From the user's point of view, your module has quality if it behaves as it should. The correct behavior of the SymTable ADT is defined by the previous sections of this assignment specification.

In part, style is defined by the rules given in The Practice of Programming (Kernighan and Pike), as summarized by the Rules of Programming Style document. These additional rules apply:

Names: You should use a clear and consistent style for variable and function names. One example of such a style is to prefix each variable name with characters that indicate its type. For example, the prefix "c" might indicate that the variable is of type char, "i" might indicate int, "pc" might mean pointer to char, "ui" might mean unsigned int, etc. But it is fine to use another style -- a style which does not include the type of a variable in its name -- as long as the result is a readable program.

Line lengths: Limit line lengths in your source code to 72 characters. Doing so allows us to print your work in two columns, thus saving paper.

Comments: Each source code file should begin with a comment that includes your name, the number of the assignment, and the name of the file.

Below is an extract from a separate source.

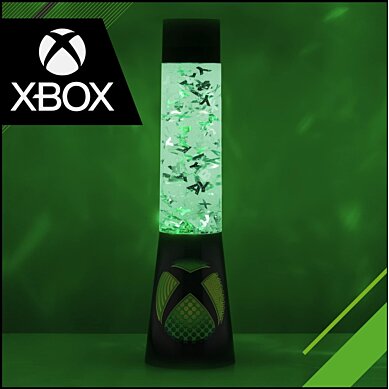 Microsoft - Xbox - Lampe à lave en plastique 33cm - flash vidéo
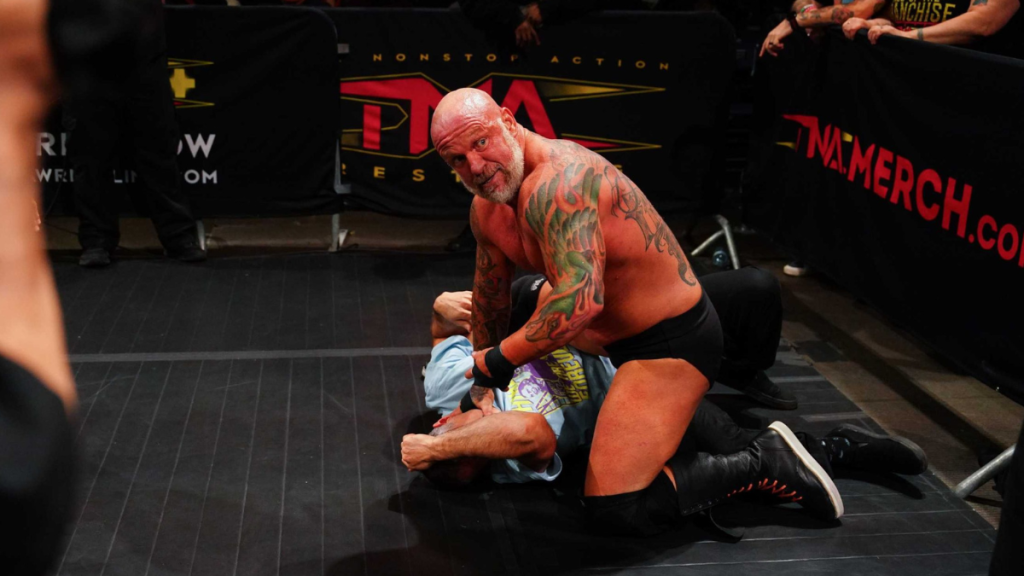 Eric Young Shockingly Attacks Fan at Ringside on TNA Impact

Comments: Each function should begin with a comment that describes what the function does from the caller's point of view. The function comment should:

Comments: Each structure type definition and each structure field definition should have a comment that describes it.

Comments: The interface of an ADT should contain a comment that describes what an object of that type is. It would be reasonable to place that comment adjacent to the definition of the opaque pointer.